規定内容 | 36条の項数 | 通算 | |
---|---|---|---|
① | 時間外労働+休日労働の合計の上限 月100時間未満、2~6ヵ月平均80時間以内 |
6項2号・3号 | する |
② | 36協定により延長できる時間の上限 月45時間以内、年360時間以内 |
4項 | しない |
③ | 36協定に特別条項を設ける場合の1年の延長時間の上限 年720時間以内 |
5項 | しない |
④ | それぞれの事業場における時間外労働が36協定に定めた延長時間の範囲内であるか否か | − | しない |
①は時間外・休日労働の時間それ自体に対する上限を規定しています。労働者個人の実労働時間に着目し、当該個人を使用する使用者を規制するものであることから通算されます。

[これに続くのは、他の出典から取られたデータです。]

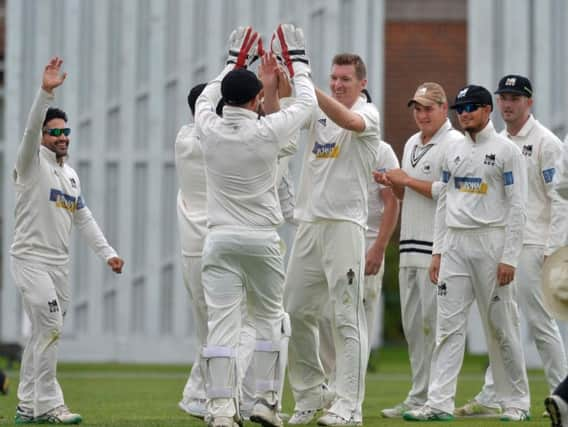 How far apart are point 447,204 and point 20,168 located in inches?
118

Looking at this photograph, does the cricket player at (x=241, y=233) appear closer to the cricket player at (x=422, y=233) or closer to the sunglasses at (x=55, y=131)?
the sunglasses at (x=55, y=131)

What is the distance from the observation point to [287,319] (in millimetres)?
8641

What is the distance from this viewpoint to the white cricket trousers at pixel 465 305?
952cm

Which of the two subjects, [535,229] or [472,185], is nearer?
[472,185]

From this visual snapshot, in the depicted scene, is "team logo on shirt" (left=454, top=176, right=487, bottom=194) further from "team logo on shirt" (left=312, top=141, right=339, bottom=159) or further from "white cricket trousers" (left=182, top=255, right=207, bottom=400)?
"white cricket trousers" (left=182, top=255, right=207, bottom=400)

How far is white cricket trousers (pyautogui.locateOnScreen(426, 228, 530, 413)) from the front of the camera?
31.2ft

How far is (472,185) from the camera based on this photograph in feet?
31.7

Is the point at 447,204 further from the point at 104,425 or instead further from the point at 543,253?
the point at 104,425

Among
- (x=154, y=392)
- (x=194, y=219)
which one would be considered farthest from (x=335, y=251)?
(x=154, y=392)

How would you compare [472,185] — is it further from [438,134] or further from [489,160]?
[438,134]

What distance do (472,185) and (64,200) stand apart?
286 cm

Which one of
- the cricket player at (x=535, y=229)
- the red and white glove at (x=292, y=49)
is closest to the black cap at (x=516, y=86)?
the cricket player at (x=535, y=229)

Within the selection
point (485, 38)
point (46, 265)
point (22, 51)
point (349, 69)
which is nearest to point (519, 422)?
point (349, 69)

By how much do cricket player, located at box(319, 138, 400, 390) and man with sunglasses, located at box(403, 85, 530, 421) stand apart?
26.5 inches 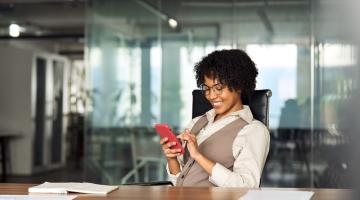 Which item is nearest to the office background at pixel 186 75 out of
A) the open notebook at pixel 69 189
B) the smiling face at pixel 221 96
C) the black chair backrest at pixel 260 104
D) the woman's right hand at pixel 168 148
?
the black chair backrest at pixel 260 104

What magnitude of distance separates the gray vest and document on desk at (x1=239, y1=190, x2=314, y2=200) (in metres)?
Result: 0.44

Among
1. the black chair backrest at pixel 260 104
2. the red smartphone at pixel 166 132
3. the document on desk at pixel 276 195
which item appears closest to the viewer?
the document on desk at pixel 276 195

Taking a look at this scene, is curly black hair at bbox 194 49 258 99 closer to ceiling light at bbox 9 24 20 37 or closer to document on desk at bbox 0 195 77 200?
document on desk at bbox 0 195 77 200

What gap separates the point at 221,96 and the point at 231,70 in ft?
0.35

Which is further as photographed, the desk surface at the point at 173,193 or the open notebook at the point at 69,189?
the open notebook at the point at 69,189

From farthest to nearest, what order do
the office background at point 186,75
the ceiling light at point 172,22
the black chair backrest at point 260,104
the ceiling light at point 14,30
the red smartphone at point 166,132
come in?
the ceiling light at point 14,30, the ceiling light at point 172,22, the office background at point 186,75, the black chair backrest at point 260,104, the red smartphone at point 166,132

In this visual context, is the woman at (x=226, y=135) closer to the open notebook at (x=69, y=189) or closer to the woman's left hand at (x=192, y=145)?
the woman's left hand at (x=192, y=145)

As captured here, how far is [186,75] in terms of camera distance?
6004 millimetres

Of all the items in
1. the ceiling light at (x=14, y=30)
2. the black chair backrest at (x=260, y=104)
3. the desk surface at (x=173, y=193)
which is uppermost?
the ceiling light at (x=14, y=30)

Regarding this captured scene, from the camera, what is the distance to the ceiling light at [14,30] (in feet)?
31.4

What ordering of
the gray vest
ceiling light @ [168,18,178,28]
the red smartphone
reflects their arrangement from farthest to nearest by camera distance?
ceiling light @ [168,18,178,28] < the gray vest < the red smartphone

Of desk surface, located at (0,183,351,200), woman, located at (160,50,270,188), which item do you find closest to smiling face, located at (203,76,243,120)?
woman, located at (160,50,270,188)

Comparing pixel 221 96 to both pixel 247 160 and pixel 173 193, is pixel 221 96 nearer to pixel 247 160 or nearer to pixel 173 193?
pixel 247 160

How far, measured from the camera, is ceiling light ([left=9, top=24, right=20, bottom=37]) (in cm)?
956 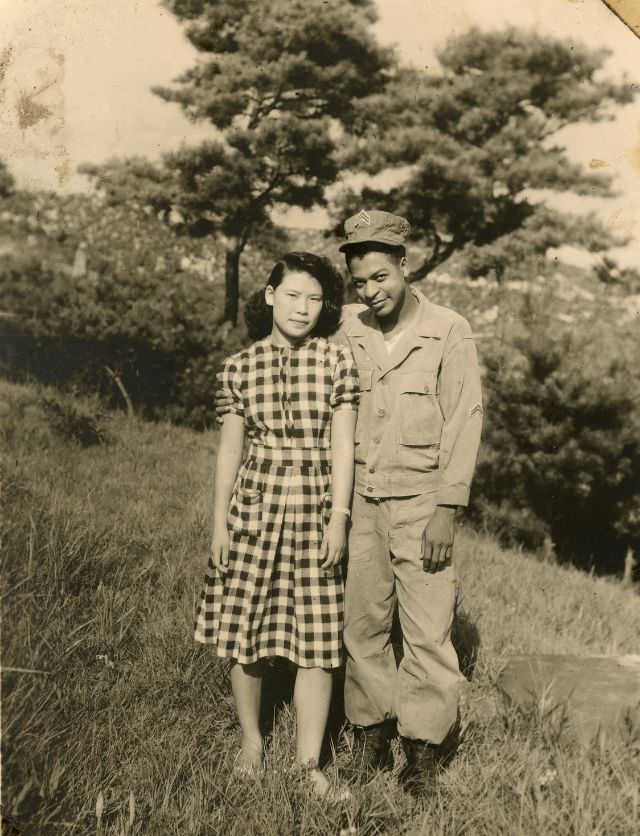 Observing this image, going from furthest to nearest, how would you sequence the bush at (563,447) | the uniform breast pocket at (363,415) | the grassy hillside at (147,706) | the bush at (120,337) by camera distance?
1. the bush at (563,447)
2. the bush at (120,337)
3. the uniform breast pocket at (363,415)
4. the grassy hillside at (147,706)

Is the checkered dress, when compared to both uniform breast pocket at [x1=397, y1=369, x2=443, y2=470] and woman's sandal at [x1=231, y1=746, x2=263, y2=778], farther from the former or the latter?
woman's sandal at [x1=231, y1=746, x2=263, y2=778]

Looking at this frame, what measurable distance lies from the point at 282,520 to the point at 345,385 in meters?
0.48

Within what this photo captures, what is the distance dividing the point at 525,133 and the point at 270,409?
3720 millimetres

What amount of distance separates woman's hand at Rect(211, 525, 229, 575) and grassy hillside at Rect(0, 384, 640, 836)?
571 mm

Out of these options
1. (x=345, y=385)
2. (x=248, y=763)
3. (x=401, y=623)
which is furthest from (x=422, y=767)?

②~③については、個々の事業場における36協定の内容を規制するため、それぞれの事業場における延長時間を定め、④については、36協定において定める延長時間が事業場ごとの時間で定められていることから、通算されないということになります。従って、②~④について、本業・副業それぞれの会社で協定、時間管理をしたうえで、時間外労働や休日労働の合計時間が①の時間を超えていないかのチェックについては、通算が必要ということになります。
(4)所定労働時間の通算の原則的な考え方
改正ガイドラインでは、a「副業・兼業の開始前(所定労働時間の通算)」、b「副業・兼業の開始後(所定外労働時間の通算)」に分けて示しています。所定労働時間の通算は、労働契約締結の先後の順となっており、所定労働時間と所定外労働時間で通算の順序に関する考え方が異なる点に注意が必要です。
a「副業・兼業の開始前(所定労働時間の通算)」
副業・兼業開始前の所定労働時間の通算については、「自らの事業場における所定労働時間」と「他の使用者の事業場における所定労働時間」とを通算して、「法定労働時間を超える部分」がある場合は、「時間的に後から労働契約を締結した使用者」における当該超える部分が時間外労働となり、当該使用者における36協定で定めるところによって行うこととなります。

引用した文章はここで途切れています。